I think "active use" is a better approach to restricting
ourselves to only locale encodings, since the latter are
slowly converging towards UTF-8 :-)

BTW: Once a charmap style codec is written, there is little
change, so the maintenance is minimal. Codecs which include
more active logic such as this one are different, of course,
and therefore may potentially add more maintenance burden.
msg280779 - (view) Author: Serhiy Storchaka (serhiy.storchaka) * (Python committer) Date: 2016-11-14 15:02
> My rule is more to only added encodings used (in practice) as locale encodings.

Just for reference: issue19459, issue21081, issue22679, issue20087.

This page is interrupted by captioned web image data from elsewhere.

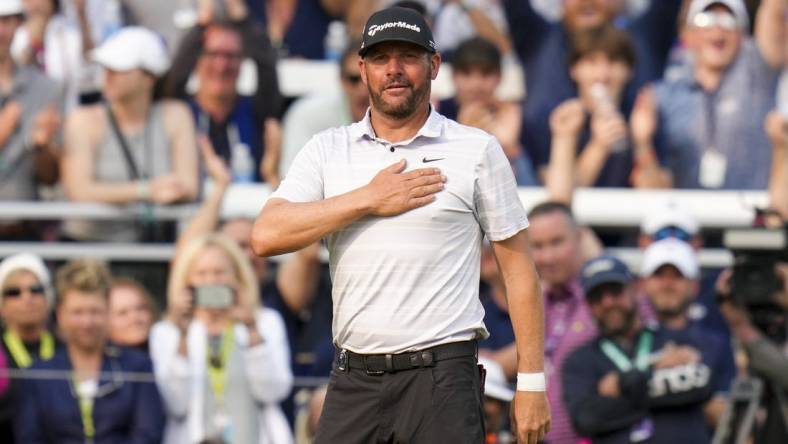 May 21, 2023; Rochester, New York, USA; Michael Block anckolwedges the fans on the 18th green during the final round of the PGA Championship golf tournament at Oak Hill Country Club. Mandatory Credit: Aaron Doster-USA TODAY Sports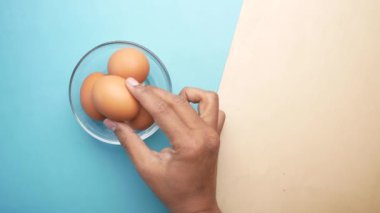  top view of hand pick eggs in a bowl.,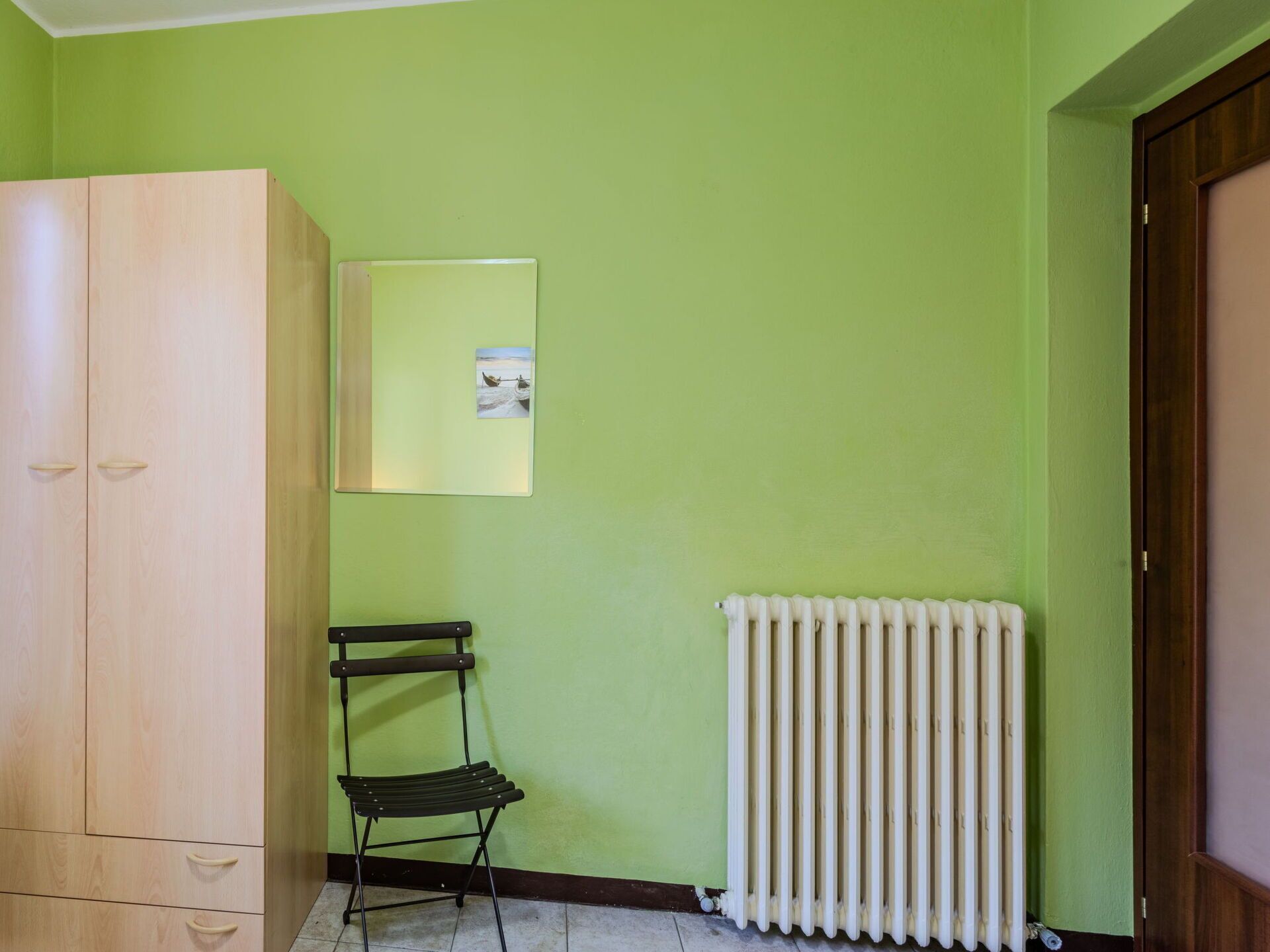 A room with a wooden wardrobe, a radiator, and a small chair.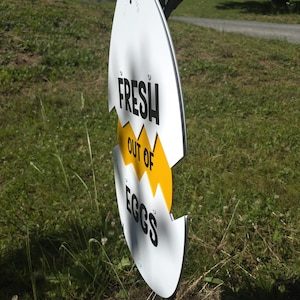 May include: A white, egg-shaped sign with a jagged yellow horizontal crack across the center. The sign features black text that reads FRESH in the top section, OUT OF in the yellow middle section, and EGGS in the bottom section of the egg shape.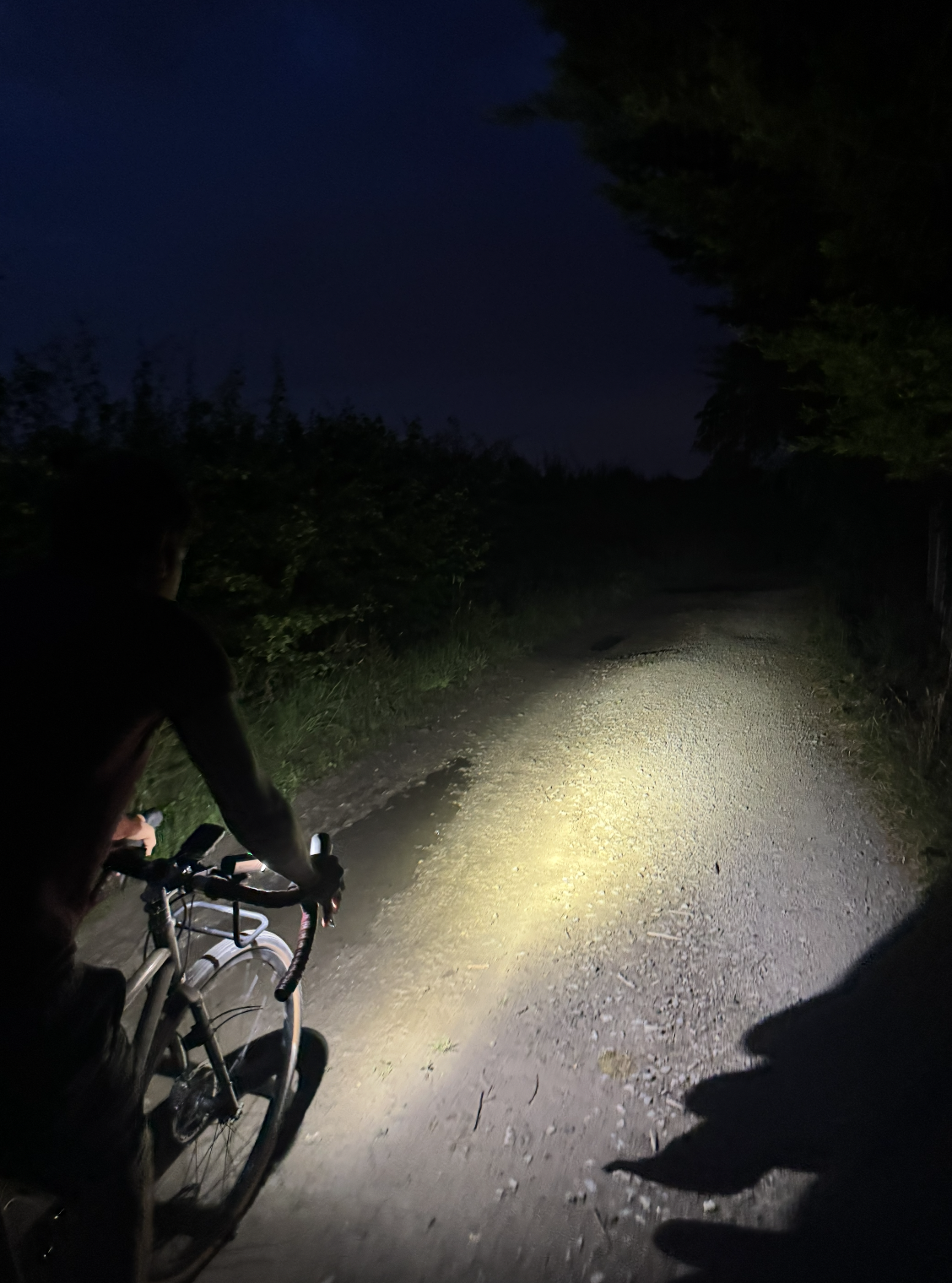 A dark gravel path with a bike riding it, lighting up beneath the 600 lumens of the Magicshine ALLTY 1200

> @Serhiy: Do you think that the encoding is popular enough to pay the
price of its maintainance?

Yes, it seems to me that the encoding still in use. I found questions about decoding from ISO 6937 and implementations for different programming languages.
msg280783 - (view) Author: STINNER Victor (vstinner) * (Python committer) Date: 2016-11-14 15:39
Ok. I'm not waiting for a simpler patch reusing existing charmap
functions to see the complexity of the codec ;-)
msg281746 - (view) Author: John Helour (John Helour) * Date: 2016-11-25 22:22
PEP8 compliant, added missing codepoints, utf-8 to \uXXXX rewrited
msg281748 - (view) Author: John Helour (John Helour) * Date: 2016-11-25 22:35
@mdk

Big thanks for the checker.

>Looks like your implementation is missing some codepoints, like "\t":
>
>    >>> >print("\t".encode(encoding='iso6937'))                                                    
>    [...]
>    UnicodeError: encoding with 'iso6937' codec failed (UnicodeError: Unacceptable utf-8 character)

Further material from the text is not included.